* TASK BRIEF
Beginning with the line that contains "Судно 404, военно-морской" and ending with the line that contains "Black BMW E46", reproduce the lines of the entries below exactly, omitting pictures.

* INFORMATION GIVEN
####################

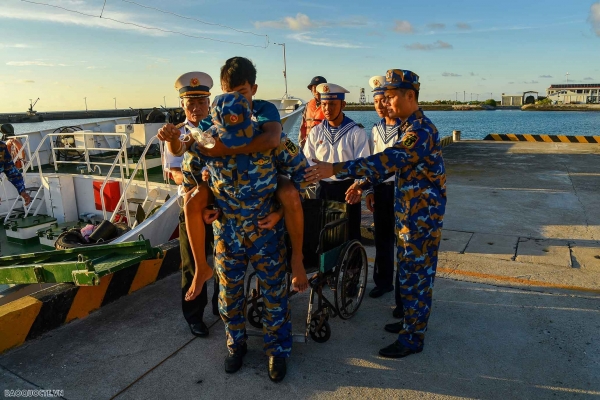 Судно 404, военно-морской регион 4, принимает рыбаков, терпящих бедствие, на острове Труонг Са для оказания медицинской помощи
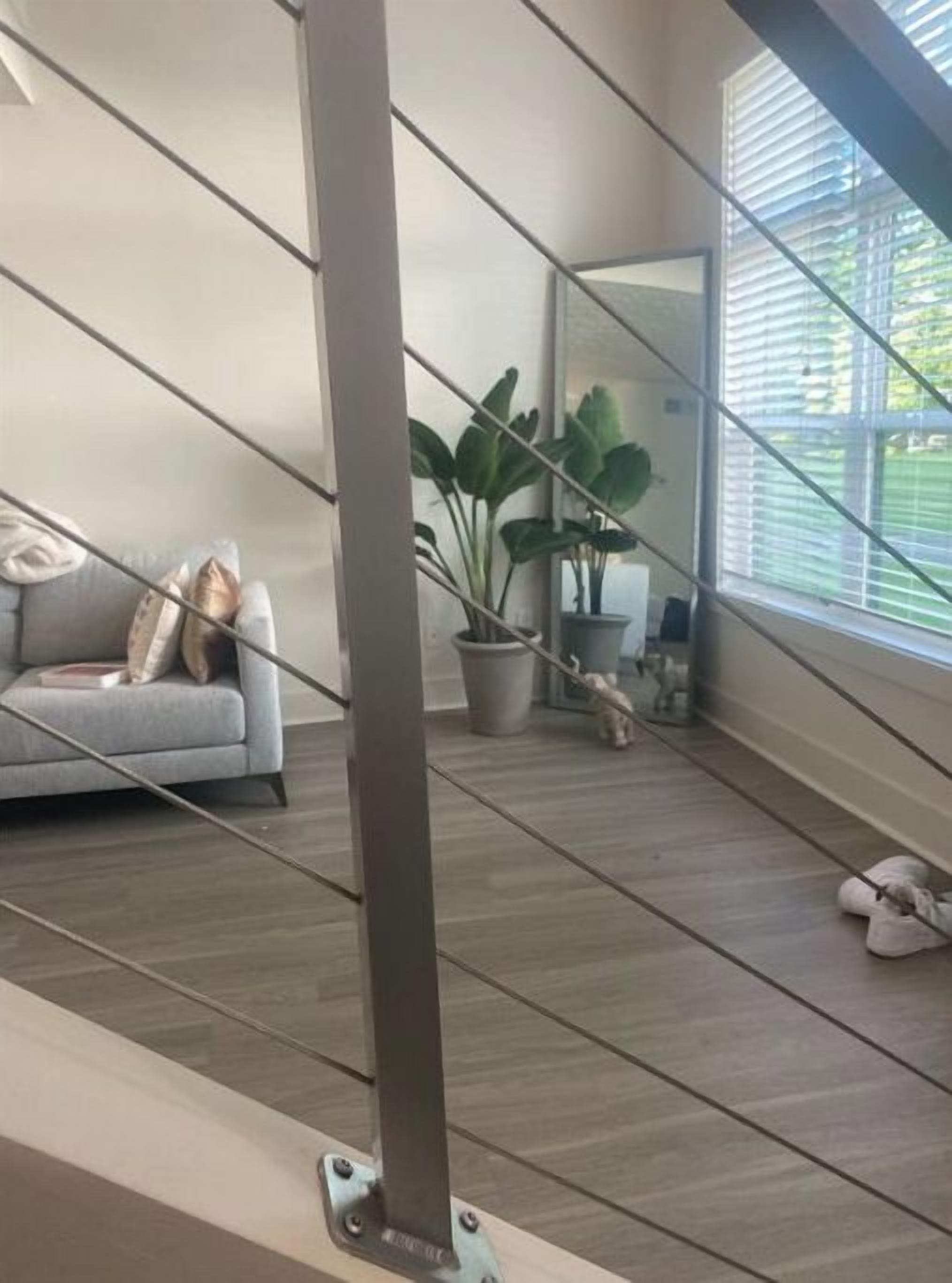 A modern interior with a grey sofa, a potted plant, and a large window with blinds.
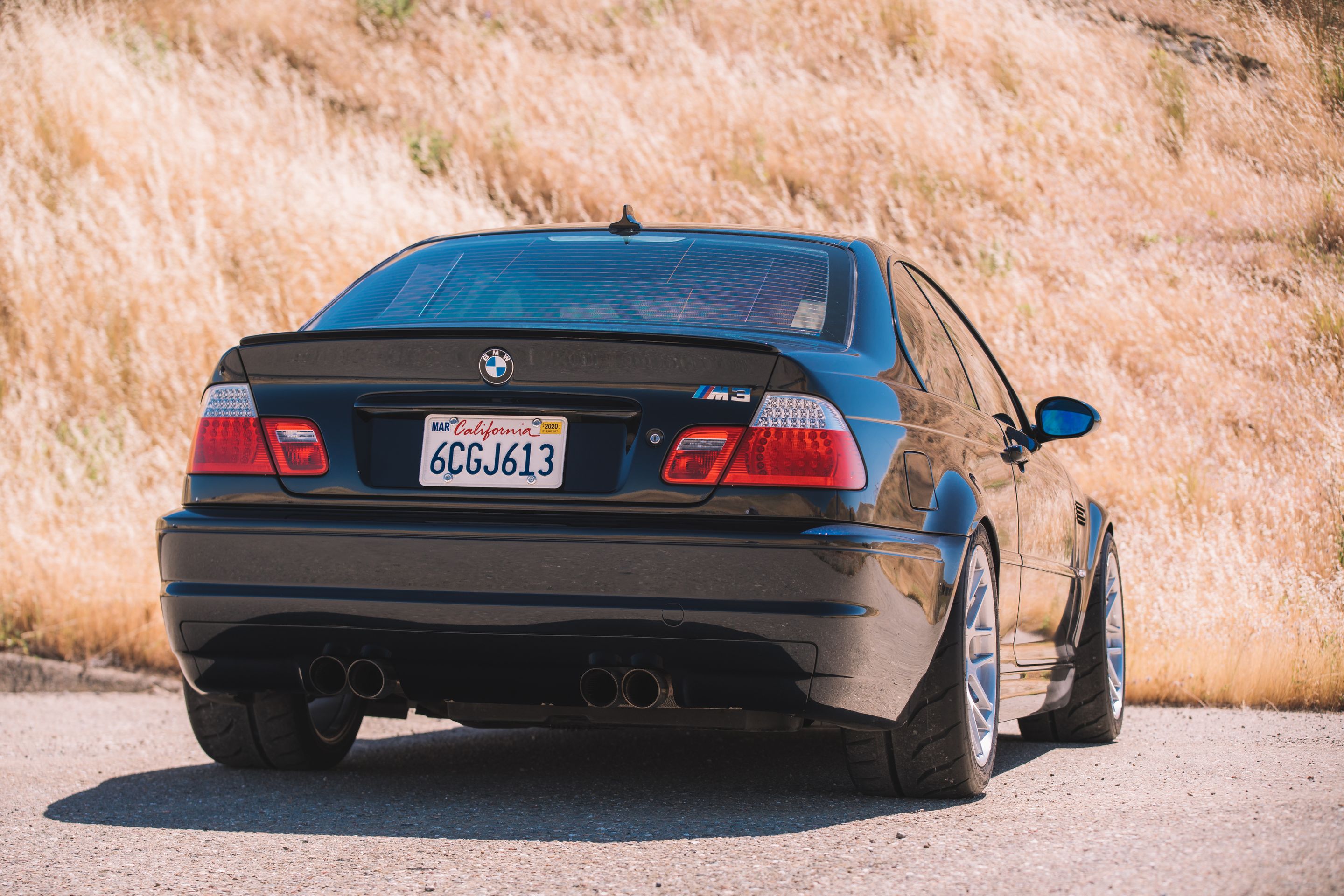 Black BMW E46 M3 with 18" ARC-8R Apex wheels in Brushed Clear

####################

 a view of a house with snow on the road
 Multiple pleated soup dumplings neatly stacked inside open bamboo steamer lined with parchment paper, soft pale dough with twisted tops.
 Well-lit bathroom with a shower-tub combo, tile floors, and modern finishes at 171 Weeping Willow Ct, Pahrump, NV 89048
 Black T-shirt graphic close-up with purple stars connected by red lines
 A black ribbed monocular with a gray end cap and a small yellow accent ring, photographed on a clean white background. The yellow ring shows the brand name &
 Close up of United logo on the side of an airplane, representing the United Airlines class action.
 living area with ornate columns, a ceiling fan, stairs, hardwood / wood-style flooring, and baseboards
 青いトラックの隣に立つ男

####################

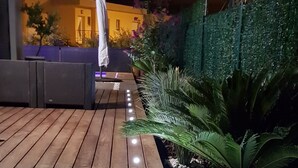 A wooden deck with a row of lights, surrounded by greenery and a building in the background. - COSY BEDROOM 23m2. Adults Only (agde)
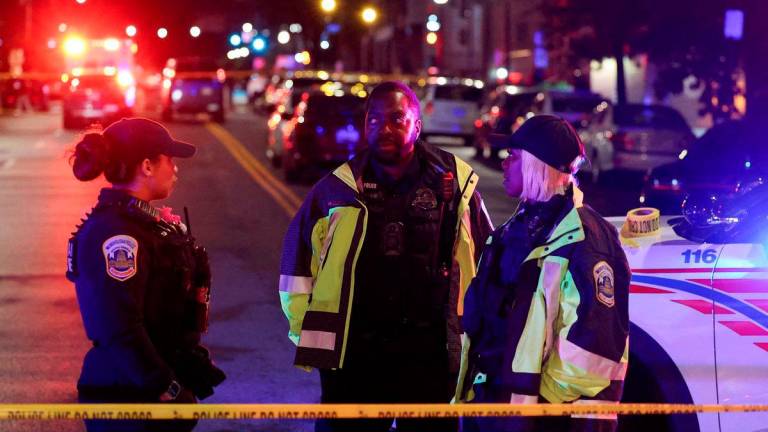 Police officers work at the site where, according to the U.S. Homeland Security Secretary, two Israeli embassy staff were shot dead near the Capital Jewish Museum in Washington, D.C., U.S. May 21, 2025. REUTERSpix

####################

* THE ANSWER
 Судно 404, военно-морской регион 4, принимает рыбаков, терпящих бедствие, на острове Труонг Са для оказания медицинской помощи
 A modern interior with a grey sofa, a potted plant, and a large window with blinds.
 Black BMW E46 M3 with 18" ARC-8R Apex wheels in Brushed Clear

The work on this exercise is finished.